Não. Se para mim é tão difícil lhe escrever, as razões são outras. Em primeiro lugar, porque seu destino, o de andar por aí pelo resto da vida como filho de seu pai, me assusta. Além disso, no entanto, julgo que a perda que lhe aflige seja pior do que a perda que outros filhos têm de suportar. O que quero dizer com isso?
Que você perdeu seu pai duas vezes.
E que, para você, algo mais morreu além de seu pai.
Gostaria de falar com você sobre essas duas coisas.
A DUPLA PERDA
O QUE QUERO DIZER quando digo que você o perdeu duas vezes?
Parece-me impensável que você tenha se sentido órfão somente naquele instante em que recebeu a notícia última e definitiva, a notícia de que aquilo, que um dia foram os restos mortais de seu pai, foi lançado ao mar como cinzas. O primeiro golpe deve ter ocorrido antes. Eu acharia até natural que as feridas que lhe causaram o primeiro golpe jamais tenham cicatrizado, e que você tenha sentido o segundo golpe já sob efeito de anestesia.
E o que quero dizer com o instante do primeiro golpe?
O instante no qual você compreendeu quem você é, no qual você realmente compreendeu isso. Certamente você já sabia, de algum modo, que veio ao mundo como filho de um membro da SS, e talvez até mesmo soubesse que ele não havia desempenhado uma função qualquer. Mas o que era isso? Os acontecimentos se situavam na penumbra de uma época que de modo algum pertencia à sua vida consciente e haviam ocorrido bem longe, em uma parte do globo que também havia se tornado inverossímil para você. Além disso, os rastros desse homem — assim haviam lhe contado — tinham desaparecido, como os de muitos outros, no caos após a guerra; e, por fim, havia anos que outro homem preenchia completamente o lugar de seu pai, fazendo com que a imagem dele se tornasse, assim, completamente nebulosa.

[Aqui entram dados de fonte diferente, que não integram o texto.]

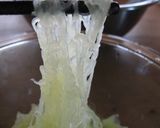 そうめんカボチャの酢和え、めんつゆがけ作り方3写真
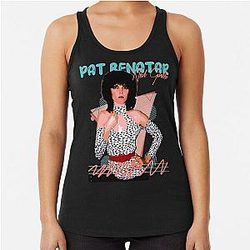 Pat Benatar Racerback Tank Top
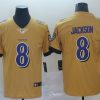 Men's Baltimore Ravens Lamar Jackson #8 Yellow Inverted Legend Jersey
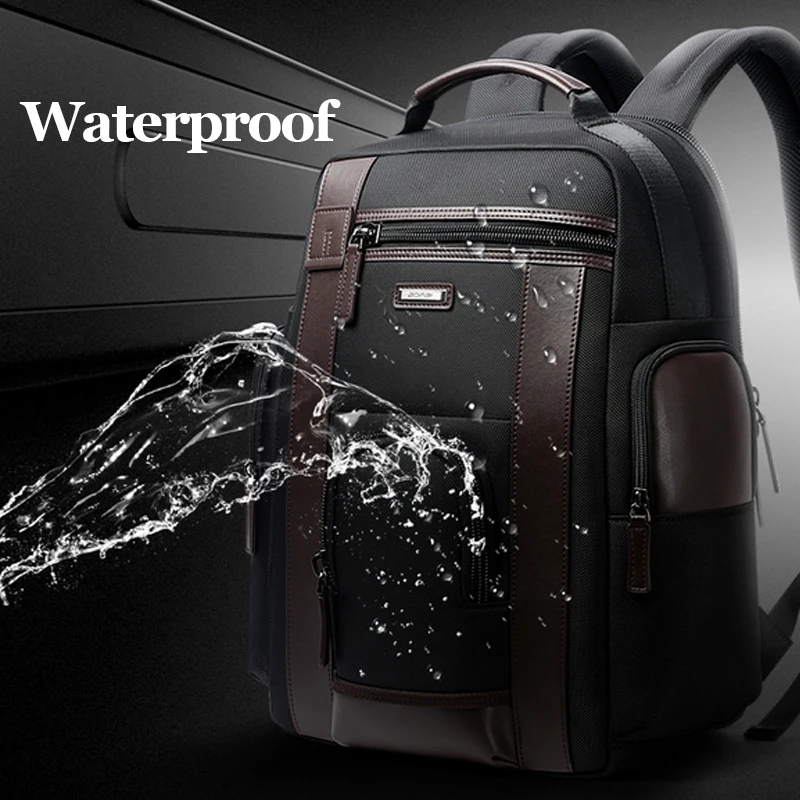 BOPAI nuevo medio viaje Mochilas negro para hombres a prueba de agua 15,6 pulgadas mochila bolsas fuerte Oxford hombres uso diario Mochilas BOPAI nuevo medio viaje Mochilas negro para hombres a prueba de agua 15,6 pulgadas mochila bolsas fuerte Oxford hombres uso diario Mochilas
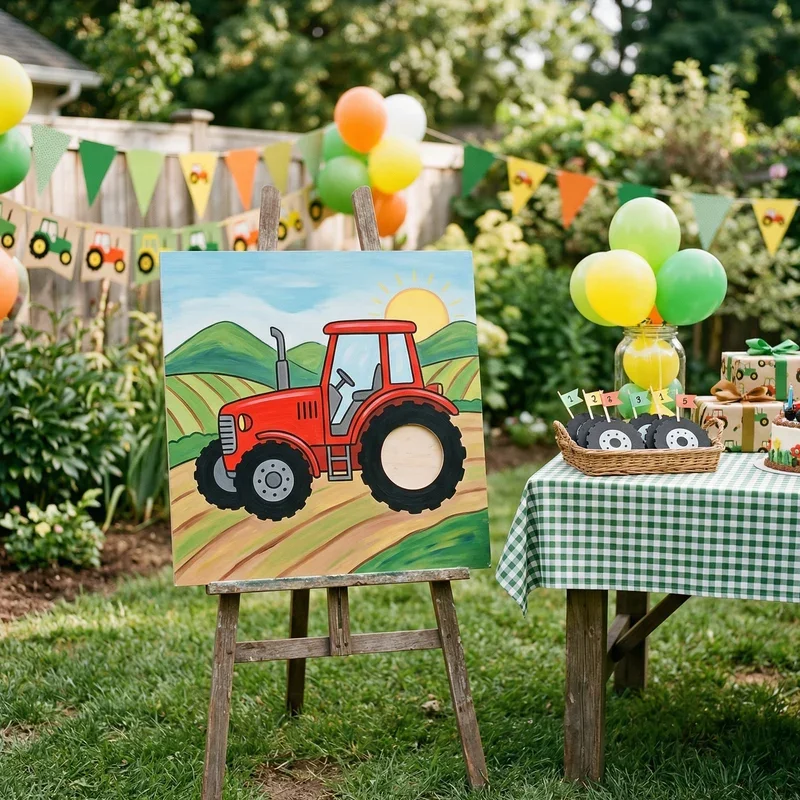 Tractor Birthday Party Ideas
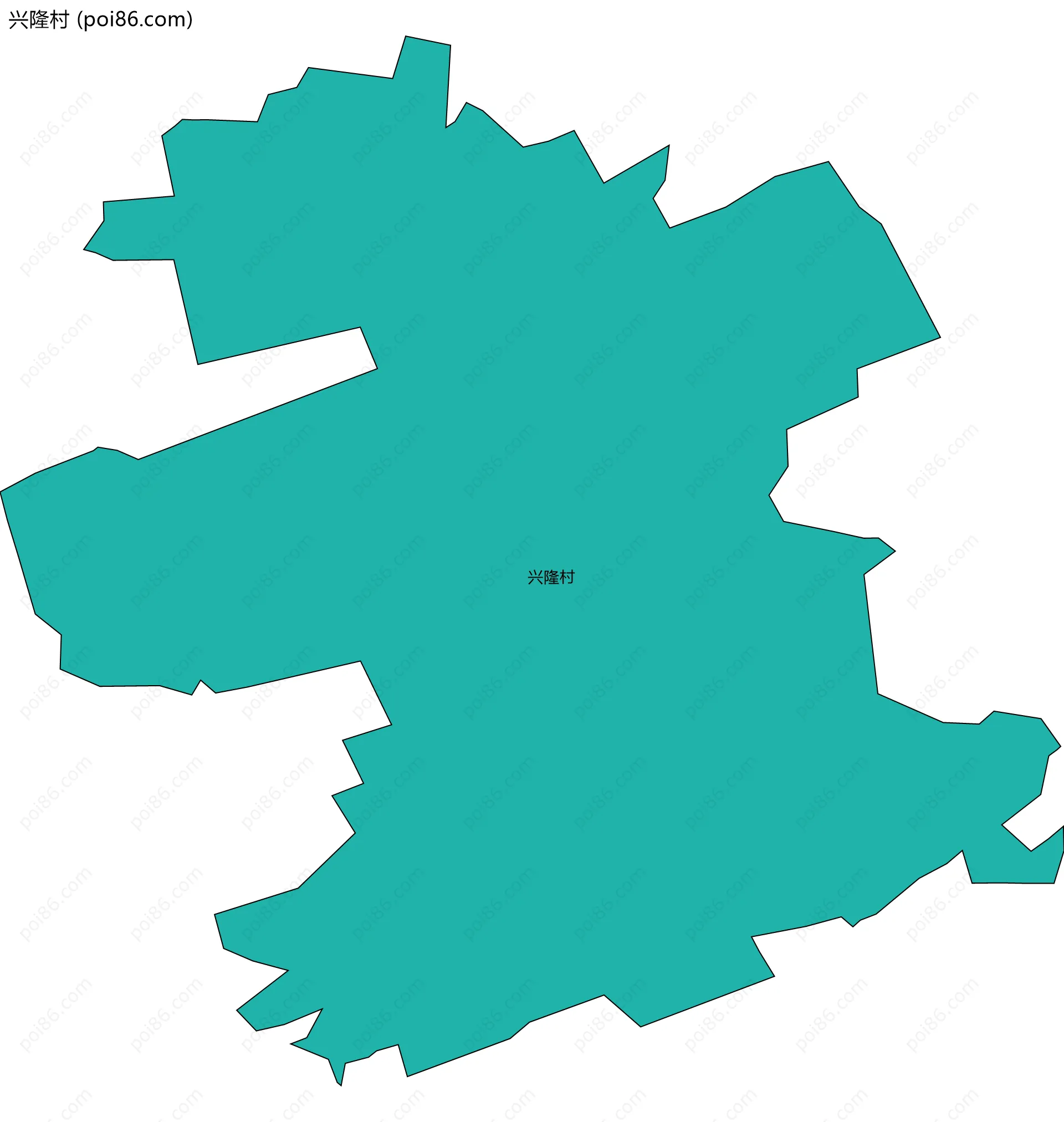 兴隆村边界地图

Então veio o instante. O instante no qual tudo isso ruiu. Pois você não apenas soube quem realmente era esse seu primeiro pai, você agora ouvia não apenas sobre as câmaras de gás e os seis milhões — isso já teria sido suficiente. Além dessas coisas, você teve de compreender também que o novo pai, que havia apagado a memória do primeiro, não era ninguém senão aquele mesmo primeiro pai — e, portanto, o homem pelo qual você provavelmente havia sentido um amor de filho, que talvez até tenha sido bom para você (somente com horror escrevi aqui essa pequena palavra, bom
; os seis milhões de emudecidos parecem querer protestar contra isso), que esse homem então havia sido, ele mesmo, Adolf Eichmann.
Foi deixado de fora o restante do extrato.